It's really hard to take New Geography seriously when they make claims such as this:

"Fuel costs are only a small component of total motoring costs. Cars today are lasting longer, are more reliable, are cheaper to run, and are kept in use longer. When oil was cheaper total costs of motoring were higher. That’s one reason why we are driving more."

Really? Let's break that statement down.

1) "Cars today are lasting longer." This means that depreciation is spread over a longer period, resulting in lower costs.

2) "are more reliable, are cheaper to run". This means maintenance and repair costs are lower.

3) "are kept in use longer." Again, lower depreciation costs.

Gasoline, however, has increased over 200% in the last 10 years. Until the last few years, gas mileage had stagnated, and in some cases, even decreased, due to larger vehicles and engines.

If cost of ownership, maintenance, repairs and time of longevity costs have all decreased, it is mathematically impossible for fuel as a percentage of total costs to have decreased. And, indeed, it has not. Numerous studies have shown that fuel costs comprise between 23% and 35% of annual vehicle costs. And the study I cite is from 2006, when gas prices were $2.60 per gallon. They are 50% higher now.

As for the other ways people get around high gas prices, moving closer to work? Really? People will sell their house, pay 6% realtor commission, moving costs, and other expenses, because gas went up to $4? Sure. Move to another country? Yeah, in your crack induced haze, perhaps.

Like the saying goes, I am dumber for having read that article.

At 10:10 PM, May 03, 2011, Anonymous Dave said...

Oops. Here's the cite,


At 2:37 AM, May 04, 2011, Blogger Alon Levy said...

Why does everyone else keep saying that the US will never have Europe's transit ridership because it has lower gas prices?

At 8:52 AM, May 04, 2011, Blogger Tory Gattis said...

I think gas prices are only a small part of it. The reality is that European cities pre-date the car, and are built for walking (including the necessary density). Then train technology came along, and they added transit. Most jobs stayed centered where the trains ran.

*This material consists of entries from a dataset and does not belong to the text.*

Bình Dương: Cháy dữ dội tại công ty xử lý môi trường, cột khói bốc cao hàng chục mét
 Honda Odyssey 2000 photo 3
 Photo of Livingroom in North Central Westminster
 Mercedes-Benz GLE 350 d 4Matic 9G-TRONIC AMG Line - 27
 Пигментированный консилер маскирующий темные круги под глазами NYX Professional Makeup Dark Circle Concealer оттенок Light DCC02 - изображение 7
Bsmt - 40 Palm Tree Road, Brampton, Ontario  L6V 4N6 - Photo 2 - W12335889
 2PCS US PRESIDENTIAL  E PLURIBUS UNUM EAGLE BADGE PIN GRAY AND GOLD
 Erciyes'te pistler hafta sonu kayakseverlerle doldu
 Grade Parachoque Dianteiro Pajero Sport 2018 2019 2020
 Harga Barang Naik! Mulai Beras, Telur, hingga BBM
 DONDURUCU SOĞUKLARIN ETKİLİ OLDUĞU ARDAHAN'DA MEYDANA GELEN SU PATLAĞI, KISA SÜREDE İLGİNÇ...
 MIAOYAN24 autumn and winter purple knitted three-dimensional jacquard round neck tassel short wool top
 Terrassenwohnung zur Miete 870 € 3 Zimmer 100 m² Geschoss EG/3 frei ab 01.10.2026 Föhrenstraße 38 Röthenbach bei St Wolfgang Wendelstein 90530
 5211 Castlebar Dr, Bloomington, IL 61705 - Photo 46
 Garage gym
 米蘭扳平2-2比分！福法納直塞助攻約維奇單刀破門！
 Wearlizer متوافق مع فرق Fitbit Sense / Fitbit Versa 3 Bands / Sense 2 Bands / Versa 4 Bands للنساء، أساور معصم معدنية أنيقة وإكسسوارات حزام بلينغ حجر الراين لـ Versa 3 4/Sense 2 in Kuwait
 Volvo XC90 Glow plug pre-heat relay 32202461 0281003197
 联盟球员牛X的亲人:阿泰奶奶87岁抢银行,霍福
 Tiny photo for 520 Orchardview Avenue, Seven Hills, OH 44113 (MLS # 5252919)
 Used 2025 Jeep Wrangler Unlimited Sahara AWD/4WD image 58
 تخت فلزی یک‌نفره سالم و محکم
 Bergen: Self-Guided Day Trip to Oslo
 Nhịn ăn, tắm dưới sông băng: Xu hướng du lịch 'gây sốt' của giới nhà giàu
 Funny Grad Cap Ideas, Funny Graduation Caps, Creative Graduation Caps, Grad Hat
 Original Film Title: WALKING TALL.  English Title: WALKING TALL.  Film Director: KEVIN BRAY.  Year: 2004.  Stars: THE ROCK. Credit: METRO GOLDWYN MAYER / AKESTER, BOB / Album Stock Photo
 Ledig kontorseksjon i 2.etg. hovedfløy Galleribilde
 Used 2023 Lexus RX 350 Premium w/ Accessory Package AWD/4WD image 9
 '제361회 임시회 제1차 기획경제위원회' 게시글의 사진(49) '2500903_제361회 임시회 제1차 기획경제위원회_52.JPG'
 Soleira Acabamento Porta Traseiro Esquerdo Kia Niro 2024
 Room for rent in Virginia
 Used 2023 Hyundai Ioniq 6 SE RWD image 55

Now compare that to most American cities, substantially developed in the car age. Decentralized and low density, with jobs all over - and only minimal accommodations for walking. Like it or not, that's the technological age our cities developed in, and it's not conducive to transit ridership. And I don't expect American cities to radically restructure themselves around walking+transit any more than I'd expect European ones to radically restructure their cities with freeways, broad streets, and plenty of easy parking...

At 9:52 AM, May 04, 2011, Anonymous awp said...


I agree NewGeography is often pretty bad/disingenuous at economic reasoning,

What he should have said to make the point he was trying to make is...

Given the fall in car ownership costs over the past 40 years for the per mile costs of travel to be the same as in the 70's gas would have to be something like $10 a gallon.

Over the long run and in aggregate Urban economists do expect that the average miles traveled will fall with increasing per unit price of travel.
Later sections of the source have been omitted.